**Directions for this task**
Of the records that follow, copy only the lines from the line containing "Planritning över två" to the line containing "Flower Print T-shirts", both included, exactly as written.
"""
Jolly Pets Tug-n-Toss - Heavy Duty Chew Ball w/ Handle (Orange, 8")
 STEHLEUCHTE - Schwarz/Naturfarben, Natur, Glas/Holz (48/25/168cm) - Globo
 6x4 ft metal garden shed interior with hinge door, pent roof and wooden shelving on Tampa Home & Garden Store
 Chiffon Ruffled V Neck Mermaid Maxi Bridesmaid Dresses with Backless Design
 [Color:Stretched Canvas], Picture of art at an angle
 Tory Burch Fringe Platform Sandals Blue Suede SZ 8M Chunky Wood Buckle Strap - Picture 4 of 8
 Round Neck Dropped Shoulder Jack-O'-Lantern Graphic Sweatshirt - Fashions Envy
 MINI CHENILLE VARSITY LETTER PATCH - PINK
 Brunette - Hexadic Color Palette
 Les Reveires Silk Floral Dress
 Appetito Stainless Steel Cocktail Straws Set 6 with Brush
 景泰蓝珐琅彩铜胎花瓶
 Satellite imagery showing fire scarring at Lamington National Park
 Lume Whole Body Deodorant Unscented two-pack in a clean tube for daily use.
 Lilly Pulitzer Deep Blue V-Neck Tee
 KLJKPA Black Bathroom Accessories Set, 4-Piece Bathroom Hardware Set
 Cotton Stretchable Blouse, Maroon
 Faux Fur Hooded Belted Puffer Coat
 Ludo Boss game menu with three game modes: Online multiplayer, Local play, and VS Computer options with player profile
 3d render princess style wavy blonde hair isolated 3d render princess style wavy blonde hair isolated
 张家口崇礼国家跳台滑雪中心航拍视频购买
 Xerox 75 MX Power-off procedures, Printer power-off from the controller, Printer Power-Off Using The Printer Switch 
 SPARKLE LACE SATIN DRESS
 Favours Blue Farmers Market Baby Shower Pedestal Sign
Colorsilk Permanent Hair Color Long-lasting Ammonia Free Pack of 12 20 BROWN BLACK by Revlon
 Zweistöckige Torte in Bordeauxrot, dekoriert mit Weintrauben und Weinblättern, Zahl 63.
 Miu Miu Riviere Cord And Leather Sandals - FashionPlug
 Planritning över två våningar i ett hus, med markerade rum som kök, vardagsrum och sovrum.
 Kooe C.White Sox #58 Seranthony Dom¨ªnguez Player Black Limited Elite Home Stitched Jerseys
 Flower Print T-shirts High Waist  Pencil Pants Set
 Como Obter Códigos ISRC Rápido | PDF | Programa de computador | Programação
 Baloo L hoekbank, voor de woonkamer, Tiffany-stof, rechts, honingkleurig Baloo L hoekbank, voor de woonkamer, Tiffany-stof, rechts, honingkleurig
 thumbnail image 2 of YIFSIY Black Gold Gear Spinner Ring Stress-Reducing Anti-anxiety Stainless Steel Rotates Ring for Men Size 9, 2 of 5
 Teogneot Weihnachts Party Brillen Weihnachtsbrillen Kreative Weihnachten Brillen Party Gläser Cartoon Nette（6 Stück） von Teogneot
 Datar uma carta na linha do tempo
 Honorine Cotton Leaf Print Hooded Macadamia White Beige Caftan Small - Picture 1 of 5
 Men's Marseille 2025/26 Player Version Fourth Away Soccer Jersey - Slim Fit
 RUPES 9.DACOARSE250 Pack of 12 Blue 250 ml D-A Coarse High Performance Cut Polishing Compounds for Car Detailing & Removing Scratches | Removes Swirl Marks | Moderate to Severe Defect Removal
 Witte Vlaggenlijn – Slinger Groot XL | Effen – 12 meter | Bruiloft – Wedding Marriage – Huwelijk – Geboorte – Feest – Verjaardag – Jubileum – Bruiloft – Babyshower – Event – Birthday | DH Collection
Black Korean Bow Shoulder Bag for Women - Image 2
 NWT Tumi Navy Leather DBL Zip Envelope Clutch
"""
**Written answer**
 Planritning över två våningar i ett hus, med markerade rum som kök, vardagsrum och sovrum.
 Kooe C.White Sox #58 Seranthony Dom¨ªnguez Player Black Limited Elite Home Stitched Jerseys
 Flower Print T-shirts High Waist  Pencil Pants Set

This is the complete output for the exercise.